Rich on borrowed time, warns Jeremy Corbyn

Labour leader Jeremy Corbyn in Liverpool - Copyright ©Heathcliff O'Malley , All Rights Reserved, not to be published in any format without p
Labour leader Jeremy Corbyn in Liverpool - Copyright ©Heathcliff O'Malley , All Rights Reserved, not to be published in any format without p

Jeremy Corbyn has warned that the rich are on “borrowed time” as Labour unveils plans today for a multibillion pound raid on companies which would force them to handover 10 percent of their shares to workers.

The Labour leader last night said he would break the mould of “neoliberal economics” which had dominated political thinking since the Seventies, adding that a Labour government “was coming” for the “very richest in our society”.

Speaking at The World Transformed rally at the party’s conference in Liverpool, Mr Corbyn said: “What we're doing is challenging a neoliberal ideology that took over the world in probably, let's say, 1970s or thereabouts.

"The whole idea of tax cuts, reduce the size of the state, increase privatisation and trickle-down economics later inherited by Margaret Thatcher.”

In a day dominated by Brexit and his party’s anti-Semitism row, Mr Corbyn also made clear that Labour would back a second referendum if its members demanded it and refused to apologise to the Jewish community for his previous remarks.

Meanwhile, John McDonnell will unveils plans on Monday for mandatory share ownership schemes for up to 11 million employees, which critics have described as a “marxist” plot  to “control businesses”.

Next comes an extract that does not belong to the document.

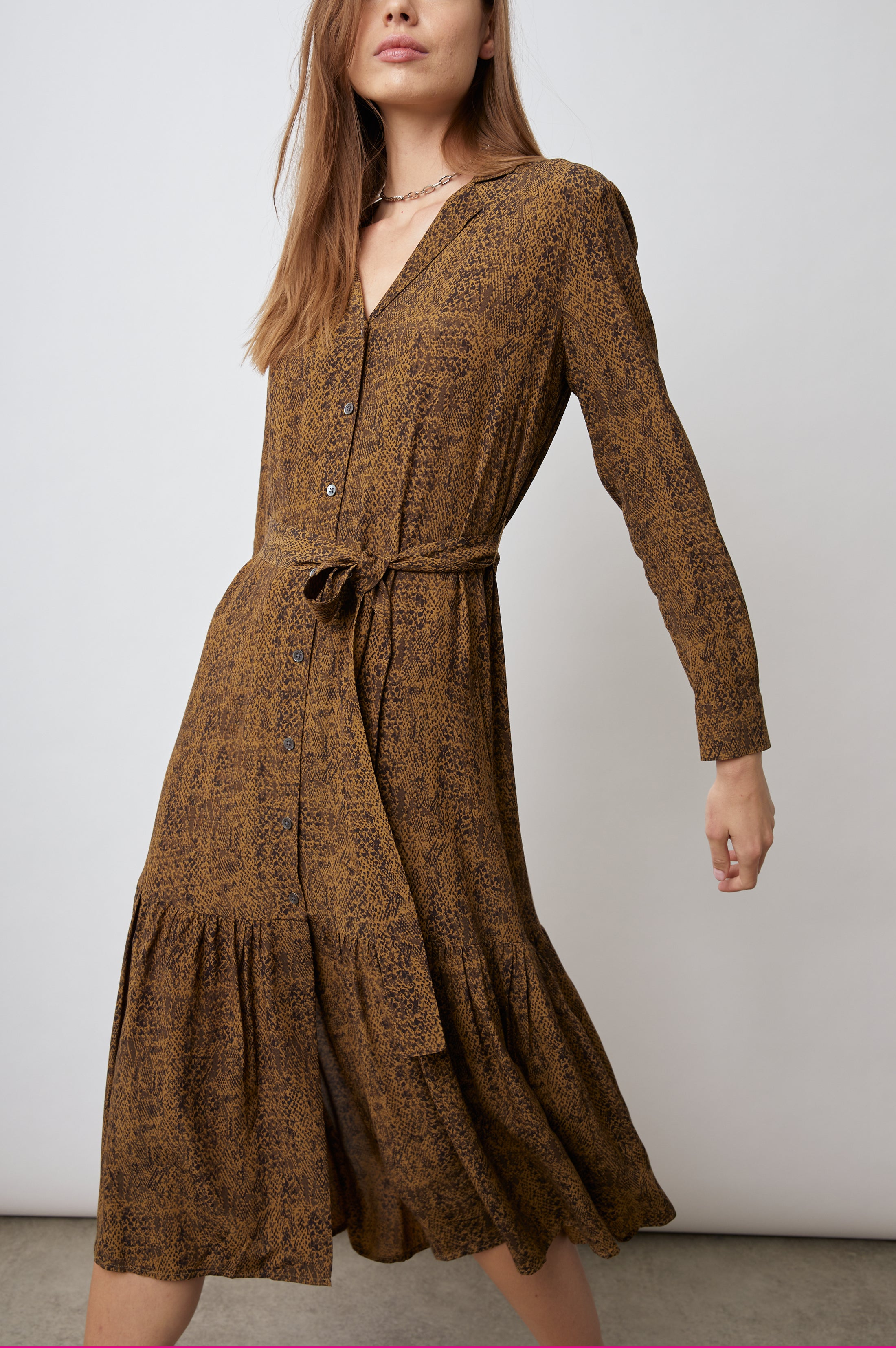 BEATRICE DRESS SEPIA PYTHON Rails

In one of the most interventionist moves in recent times, the shadow chancellor will put forward radical proposals which would force companies with more than 250 employees to set up so-called “inclusive ownership funds”.

Labour Party Shadow Chancellor John McDonnell  - Credit: Neil Hall/EPA
Labour Party Shadow Chancellor John McDonnell Credit: Neil Hall/EPA

On Sunday the Confederation of British Industry (CBI) warned that Labour’s proposals were a “diktat” which would send “alarm bells ringing in boardrooms” across the world, adding that they only encouraged “investors to pack their bags” and take their custom elsewhere.

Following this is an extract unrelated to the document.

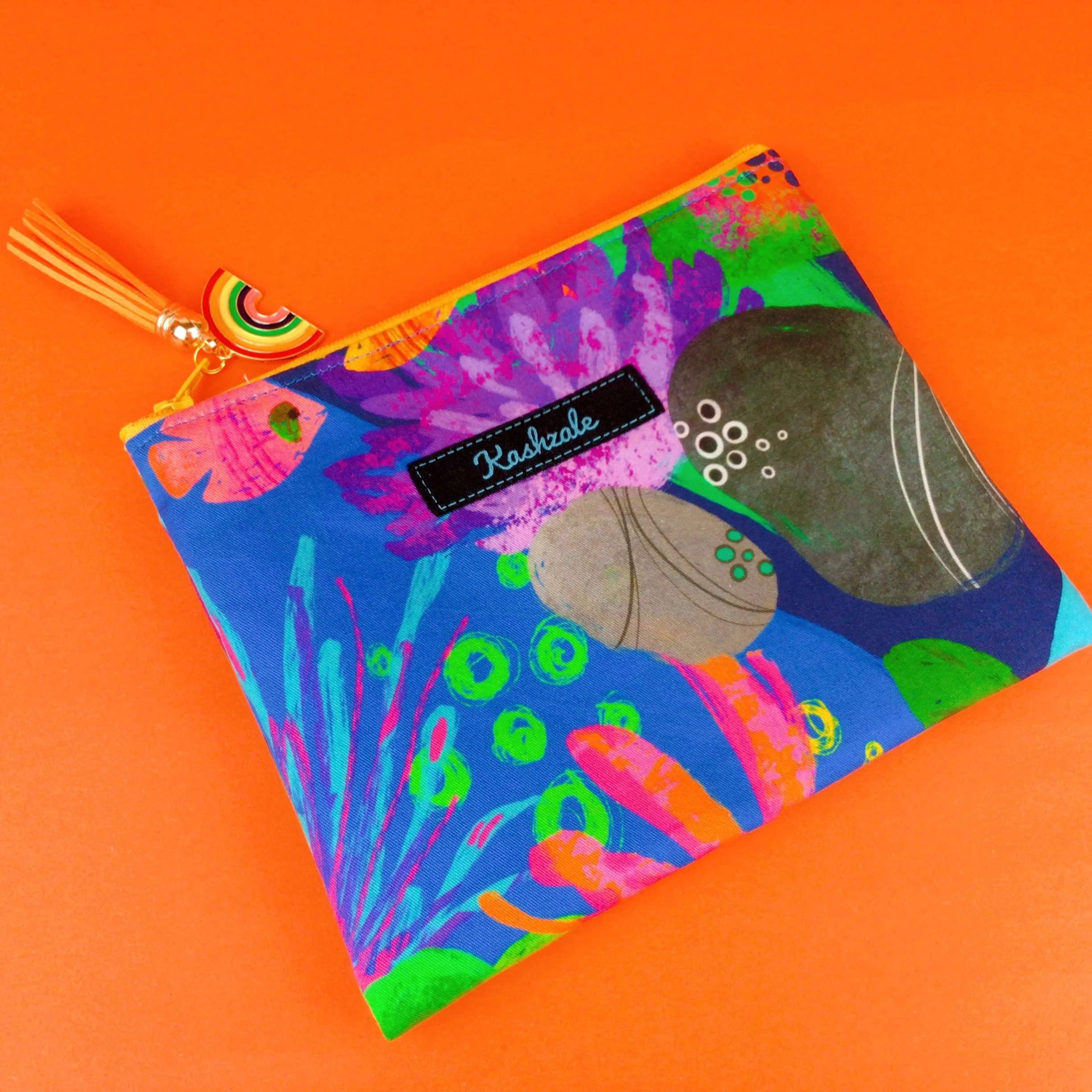 Reef Rainbow Clutch, Small makeup bag. Kasey Rainbow Design.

Carolyn Fairbairn, the organisation’s director-general, said: “Business has been resilient in the face of uncertainty, but Labour’s anti-business positioning is starting to bite. It sounds like yet another new tax that adds to the impression that Labour sees business as a bottomless pit of funding.”

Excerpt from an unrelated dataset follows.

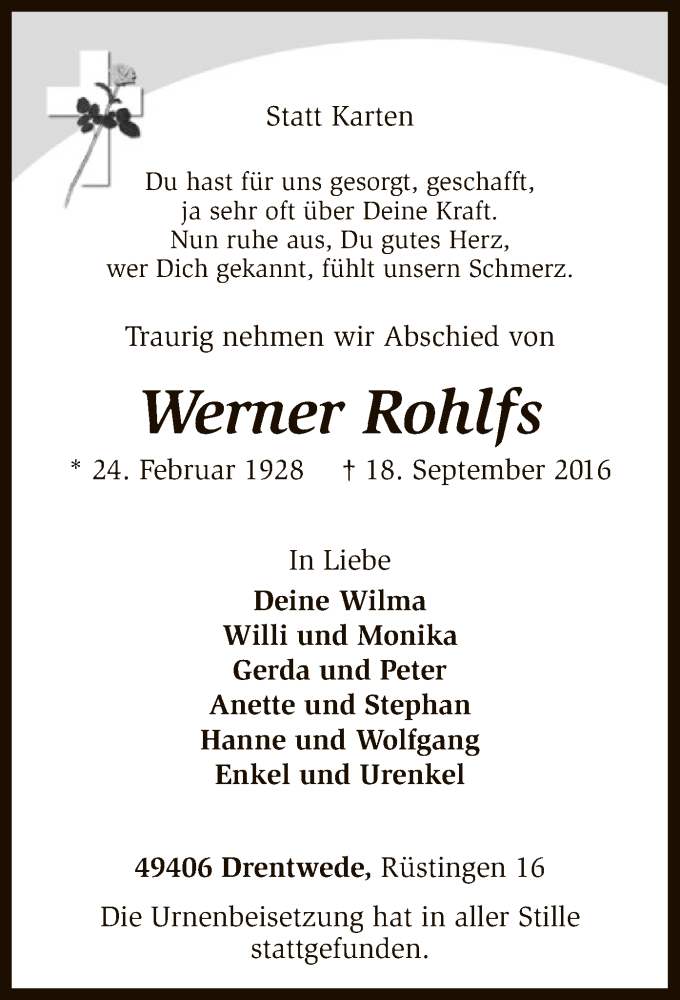  Traueranzeige für Werner Rohlfs vom 24.09.2016 aus SYK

Addressing party delegates, Mr McDonnell will promise to introduce new legislation to make the schemes mandatory as he calls for workers to be given a greater “say in the management and direction of their company”.

The dividends paid to each shareholder will be capped at £500 per year, while Labour envisages an annual surplus of £2.1bn, which will be placed in a national fund to be redistributed on public services.

Workers' fund representatives will also have voting rights in companies' decision-making processes in the same way as other shareholders.

However, there are fears that the plans, which will force companies to handover at least one percent of shares annually over 10 years, will cause a downturn in the markets this morning, as investors digest the prospect of share dilution.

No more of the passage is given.